HN also likes languages like Lisp. Do the jobs for Lisp even compare with jobs
available for Ruby?

I think HN stats will give you a decent idea of powerful and/or hacker-
friendly and/or elegant languages (those seem to be the favorites around here,
from my perspective), which are probably good languages to use as an
introduction, but not necessarily strongly correlated with market value.

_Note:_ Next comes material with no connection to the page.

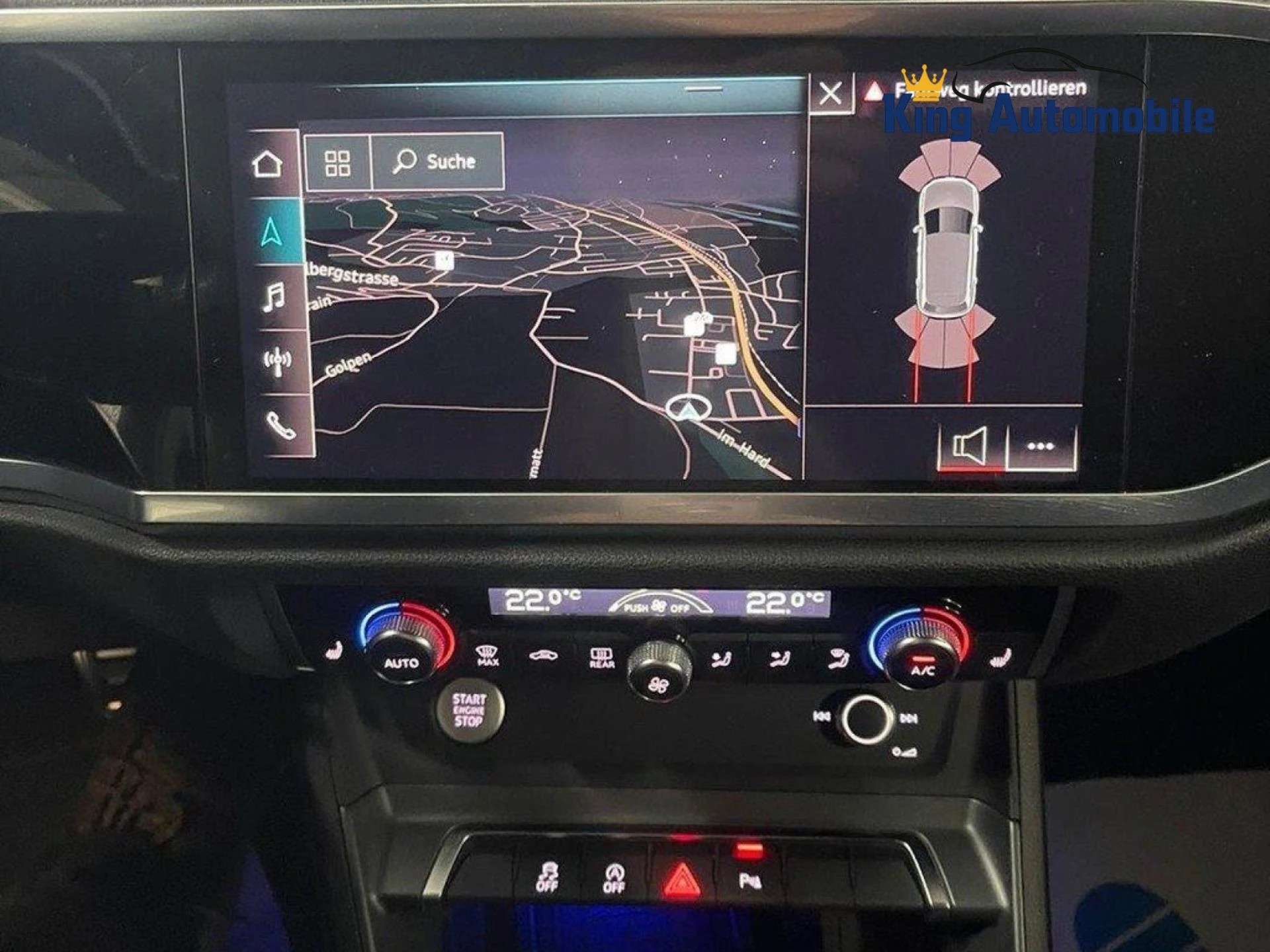 AUDI Q3 40 TFSI S line quattro S-tronic-image-13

Again, not that I disagree with the conclusion.

------
cjmagee
It would be interesting to see a Python/Javascript comparison. I have a hunch
that the explosion of new tools-- js frameworks, node, mongodb, etc.-- is
going to lead to thousands of coders writing millions of small apps. Big
potential market for those students to come into.

------
mathattack
Thanks! I wonder if there is a way to piece out trends better - for instance,
are influencers using Ruby?

That said, hard to go wrong teaching intro to CS in Python. It's flexible
enough to show most of what you want to teach.